(Collected data entries)
|---|
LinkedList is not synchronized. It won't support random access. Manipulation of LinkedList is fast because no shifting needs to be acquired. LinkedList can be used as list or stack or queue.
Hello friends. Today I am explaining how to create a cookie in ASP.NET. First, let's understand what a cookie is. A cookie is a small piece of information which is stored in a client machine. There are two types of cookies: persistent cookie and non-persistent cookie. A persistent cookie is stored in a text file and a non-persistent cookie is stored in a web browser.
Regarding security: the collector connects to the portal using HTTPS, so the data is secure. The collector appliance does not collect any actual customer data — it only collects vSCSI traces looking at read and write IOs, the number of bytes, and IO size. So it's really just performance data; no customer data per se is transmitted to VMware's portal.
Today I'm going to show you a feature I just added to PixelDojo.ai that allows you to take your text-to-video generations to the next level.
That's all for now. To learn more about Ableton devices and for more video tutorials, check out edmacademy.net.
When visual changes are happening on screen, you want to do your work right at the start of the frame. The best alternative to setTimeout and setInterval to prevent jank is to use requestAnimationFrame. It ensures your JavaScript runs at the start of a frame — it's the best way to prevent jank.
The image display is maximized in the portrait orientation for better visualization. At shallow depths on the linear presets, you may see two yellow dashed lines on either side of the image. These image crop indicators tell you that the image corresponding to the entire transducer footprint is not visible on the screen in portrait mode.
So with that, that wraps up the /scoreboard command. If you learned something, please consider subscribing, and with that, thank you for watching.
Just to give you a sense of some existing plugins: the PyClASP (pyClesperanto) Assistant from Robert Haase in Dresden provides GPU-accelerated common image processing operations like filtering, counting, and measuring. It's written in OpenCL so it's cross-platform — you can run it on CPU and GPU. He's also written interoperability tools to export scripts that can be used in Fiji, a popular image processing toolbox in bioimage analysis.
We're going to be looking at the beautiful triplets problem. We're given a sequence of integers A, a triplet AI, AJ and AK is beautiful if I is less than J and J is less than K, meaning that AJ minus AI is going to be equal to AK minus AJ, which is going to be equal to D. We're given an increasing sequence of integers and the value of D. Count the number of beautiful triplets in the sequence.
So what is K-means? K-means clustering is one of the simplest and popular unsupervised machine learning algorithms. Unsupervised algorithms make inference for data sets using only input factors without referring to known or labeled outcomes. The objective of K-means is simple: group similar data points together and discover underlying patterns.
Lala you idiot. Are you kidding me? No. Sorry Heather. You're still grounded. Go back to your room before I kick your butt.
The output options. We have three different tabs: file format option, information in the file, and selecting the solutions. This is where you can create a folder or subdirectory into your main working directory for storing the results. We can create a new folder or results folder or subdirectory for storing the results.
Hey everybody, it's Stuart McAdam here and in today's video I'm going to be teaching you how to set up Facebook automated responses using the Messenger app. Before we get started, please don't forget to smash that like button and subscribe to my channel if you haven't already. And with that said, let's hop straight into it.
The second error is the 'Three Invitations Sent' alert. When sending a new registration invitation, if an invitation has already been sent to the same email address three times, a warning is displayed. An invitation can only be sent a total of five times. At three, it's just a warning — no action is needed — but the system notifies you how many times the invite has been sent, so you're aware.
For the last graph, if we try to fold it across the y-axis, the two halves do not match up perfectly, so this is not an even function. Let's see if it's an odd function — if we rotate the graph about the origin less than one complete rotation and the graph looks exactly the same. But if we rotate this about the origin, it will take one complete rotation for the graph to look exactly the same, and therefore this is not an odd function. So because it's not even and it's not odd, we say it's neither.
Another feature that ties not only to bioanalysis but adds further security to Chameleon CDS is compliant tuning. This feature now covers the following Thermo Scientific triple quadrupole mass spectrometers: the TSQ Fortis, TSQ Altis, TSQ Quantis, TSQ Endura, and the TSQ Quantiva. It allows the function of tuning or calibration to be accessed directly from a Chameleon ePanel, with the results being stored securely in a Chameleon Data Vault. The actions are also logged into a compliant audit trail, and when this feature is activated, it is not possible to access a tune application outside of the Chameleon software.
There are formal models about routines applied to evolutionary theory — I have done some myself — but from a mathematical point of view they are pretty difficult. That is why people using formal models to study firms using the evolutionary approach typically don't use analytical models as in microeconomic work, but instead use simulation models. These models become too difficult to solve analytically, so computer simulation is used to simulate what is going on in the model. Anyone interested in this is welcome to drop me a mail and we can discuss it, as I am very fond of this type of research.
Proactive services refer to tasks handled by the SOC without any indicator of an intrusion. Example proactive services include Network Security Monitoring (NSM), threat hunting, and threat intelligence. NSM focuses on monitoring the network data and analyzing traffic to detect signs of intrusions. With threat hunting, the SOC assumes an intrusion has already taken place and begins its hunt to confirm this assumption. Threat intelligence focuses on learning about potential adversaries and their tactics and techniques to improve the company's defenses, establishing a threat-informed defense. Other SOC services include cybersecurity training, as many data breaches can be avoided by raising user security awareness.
|---|
EXERCISE DETAILS:
Give back every line from the beginning of the records through the line holding "When visual changes", exactly as it reads, and leave out the rest.

WRITTEN REPLY:
LinkedList is not synchronized. It won't support random access. Manipulation of LinkedList is fast because no shifting needs to be acquired. LinkedList can be used as list or stack or queue.
Hello friends. Today I am explaining how to create a cookie in ASP.NET. First, let's understand what a cookie is. A cookie is a small piece of information which is stored in a client machine. There are two types of cookies: persistent cookie and non-persistent cookie. A persistent cookie is stored in a text file and a non-persistent cookie is stored in a web browser.
Regarding security: the collector connects to the portal using HTTPS, so the data is secure. The collector appliance does not collect any actual customer data — it only collects vSCSI traces looking at read and write IOs, the number of bytes, and IO size. So it's really just performance data; no customer data per se is transmitted to VMware's portal.
Today I'm going to show you a feature I just added to PixelDojo.ai that allows you to take your text-to-video generations to the next level.
That's all for now. To learn more about Ableton devices and for more video tutorials, check out edmacademy.net.
When visual changes are happening on screen, you want to do your work right at the start of the frame. The best alternative to setTimeout and setInterval to prevent jank is to use requestAnimationFrame. It ensures your JavaScript runs at the start of a frame — it's the best way to prevent jank.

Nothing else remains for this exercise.